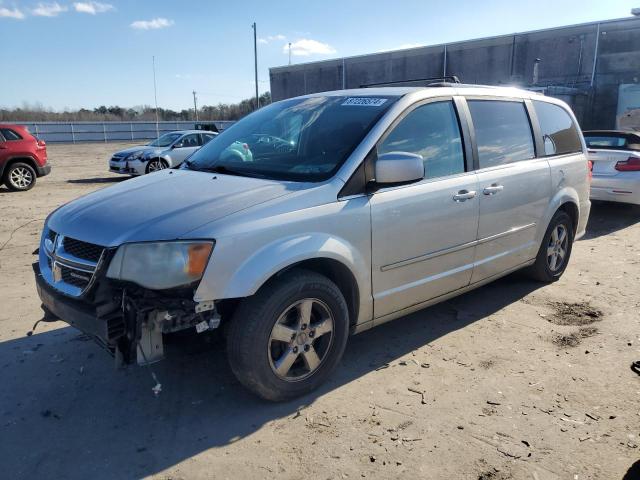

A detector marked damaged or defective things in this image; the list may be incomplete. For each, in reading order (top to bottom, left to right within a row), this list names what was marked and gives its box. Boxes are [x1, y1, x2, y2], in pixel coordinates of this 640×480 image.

damaged front bumper [33, 260, 222, 366]
exposed headlight housing [106, 240, 214, 288]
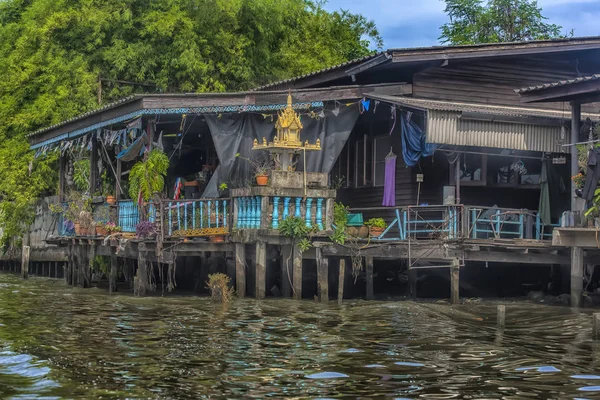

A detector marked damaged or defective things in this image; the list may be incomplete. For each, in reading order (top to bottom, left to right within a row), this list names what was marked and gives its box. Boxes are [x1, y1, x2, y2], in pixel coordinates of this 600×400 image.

rusty metal roof [512, 74, 600, 94]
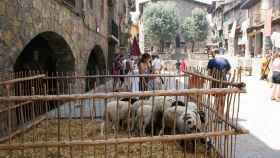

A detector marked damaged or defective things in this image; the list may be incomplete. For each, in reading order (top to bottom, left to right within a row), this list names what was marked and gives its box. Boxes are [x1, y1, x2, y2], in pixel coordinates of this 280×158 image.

rusty fence [0, 68, 248, 158]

.....

PROBLEM DESCRIPTION.
Without carrying over any picture, write out the entries above once more, exactly.

TASK RESPONSE.
A detector marked damaged or defective things in this image; the list may be incomplete. For each, in reading order (top to bottom, left to right within a row), this list names what was marked and gives its box. Boxes are [x1, y1, x2, y2], in pixel coordinates of this 640×480 image.

damaged front bumper [33, 260, 222, 366]
exposed headlight housing [106, 240, 214, 288]

A detector marked damaged or defective things in this image; the list may be incomplete. For each, in reading order (top to bottom, left to right within a row), this list names what was marked and gives its box. Boxes are [x1, y1, x2, y2], in pixel coordinates of this 600×400 image.

rusty metal roof [512, 74, 600, 94]

A detector marked damaged or defective things in this image; the list may be incomplete. For each, in reading order (top to bottom, left to right within a row), this list names what was marked and gives its box. Boxes are [x1, y1, x2, y2], in pixel coordinates of this 280×158 image.

rusty fence [0, 68, 248, 158]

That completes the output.